Dear [CUSTOMER/PARTNER],

I am pleased to share some news with you about the future of TIBCO. As you may know, in August our board of directors formed a Special Committee and undertook a thorough review of the strategic and financial alternatives available to our Company. The outcome of that review is that, subject to shareholder approval, TIBCO will be acquired by Vista Equity Partners, a leading private equity firm focused on investments in software and technology companies. Though the proposed transaction will not be completed for a number of months, I want to provide some initial clarity as to what this means for you.

Vista Equity Partners is a world-class investment firm with deep experience in supporting software, data and technology-enabled companies, having acquired more than 60 software companies such as Websense, Active Network and Omnitracs.

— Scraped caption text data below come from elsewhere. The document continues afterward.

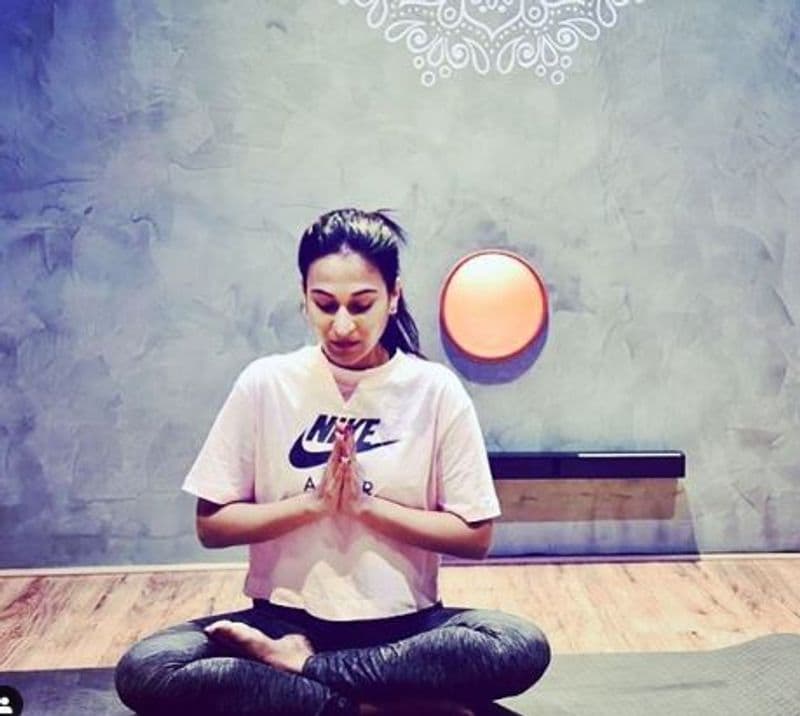 rajinikanth daughter aishwarya dhanush hot yoga poses goes viral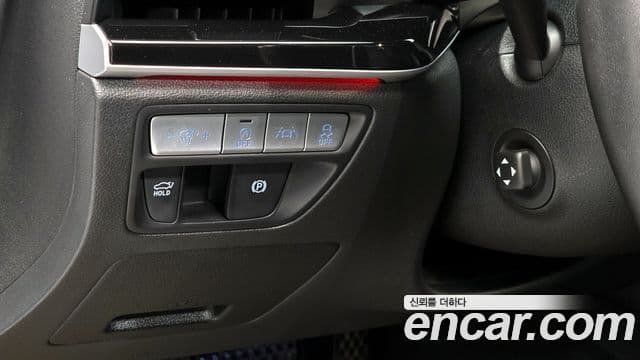 Genesis Electrified G80 2020 — ფოტო 14/20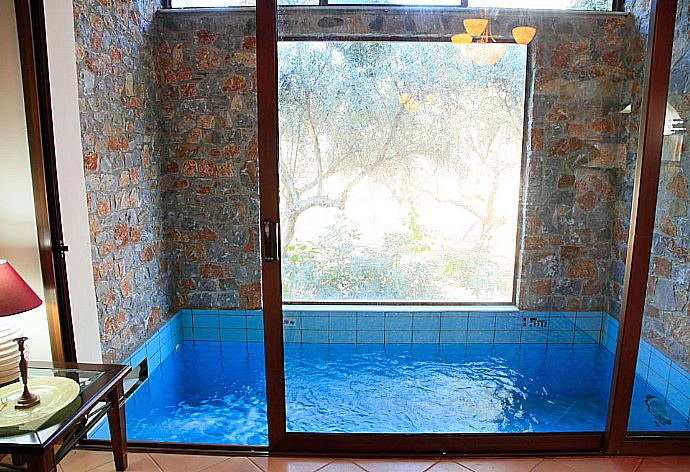 Indoor swimming pool . - Villa Tzina . (Galería de imágenes) }}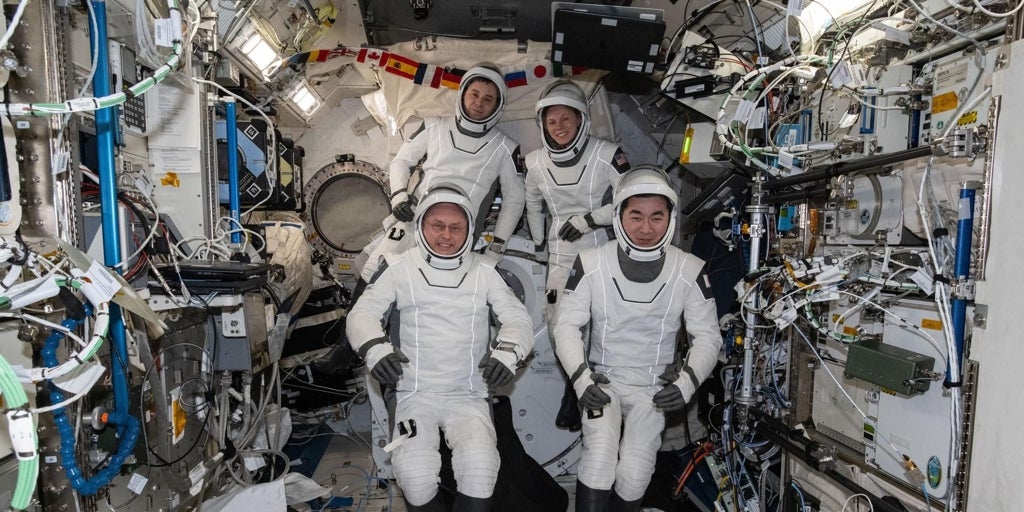 Por qué los virus se vuelven más peligrosos a bordo de la estación espacial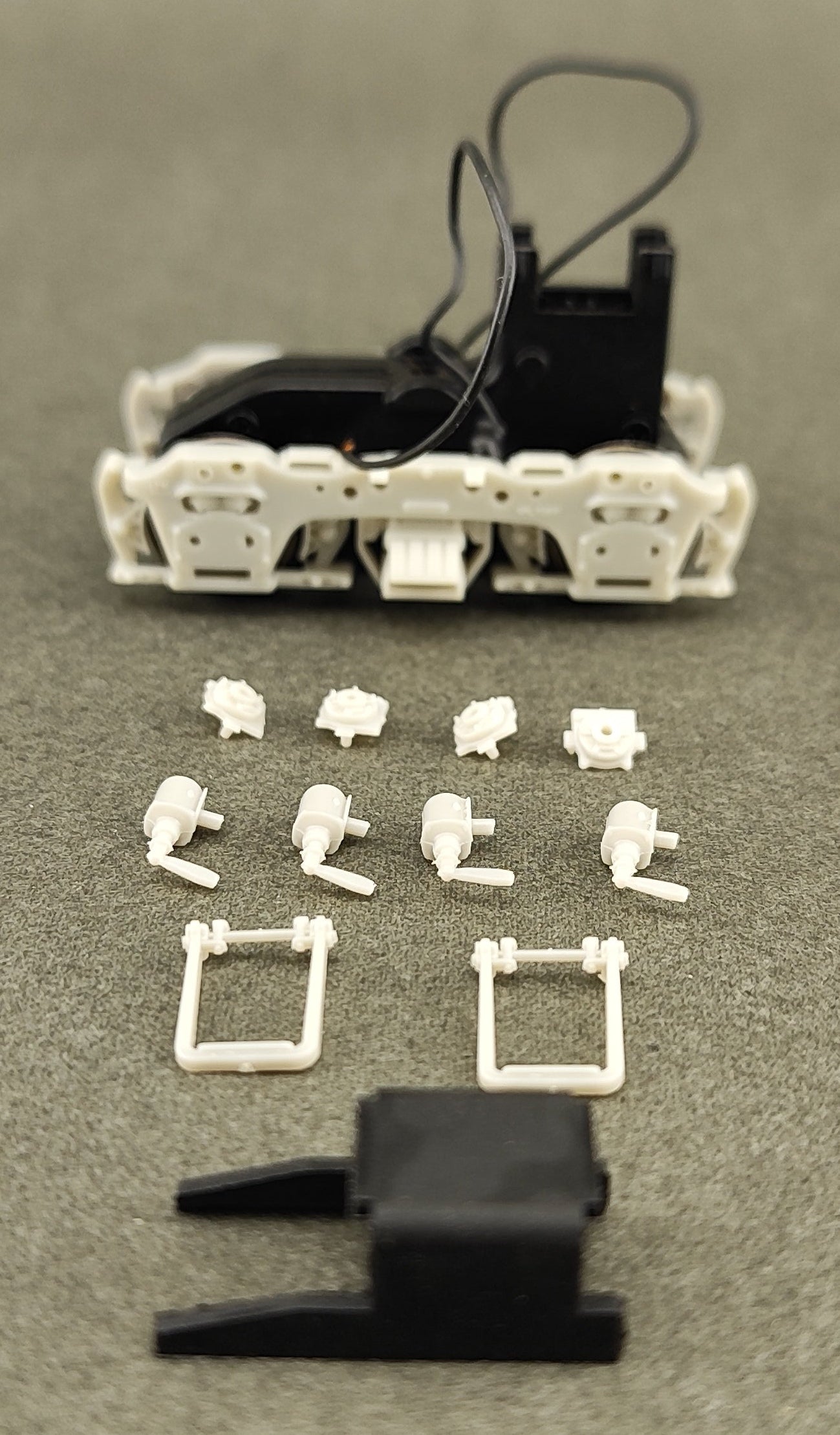 ATH G 62399 Power Truck Athearn Genesis Blomberg truck 1 truck complete with all details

Our new partners at Vista Equity Partners see tremendous value in TIBCO’s suite of products and services, and they understand the role our solutions play in providing a competitive advantage to our customers. As a private company with added flexibility and resources, TIBCO will be well positioned to innovate, build upon its industry leadership, and continue to deliver superior service and value to you.

I want to assure you that our highest priority is to ensure this transaction will not interfere with your service or relationship with TIBCO. We at TIBCO and our new partners at Vista Equity Partners are fully aligned in our mission to deliver the right information, at the right time, and in the right place so that you can continue to make the best decisions for your business. The transaction is expected to be completed in the fourth quarter of calendar year 2014, and until then, we assure you that it will be business as usual. We will update you with any additional developments throughout the process.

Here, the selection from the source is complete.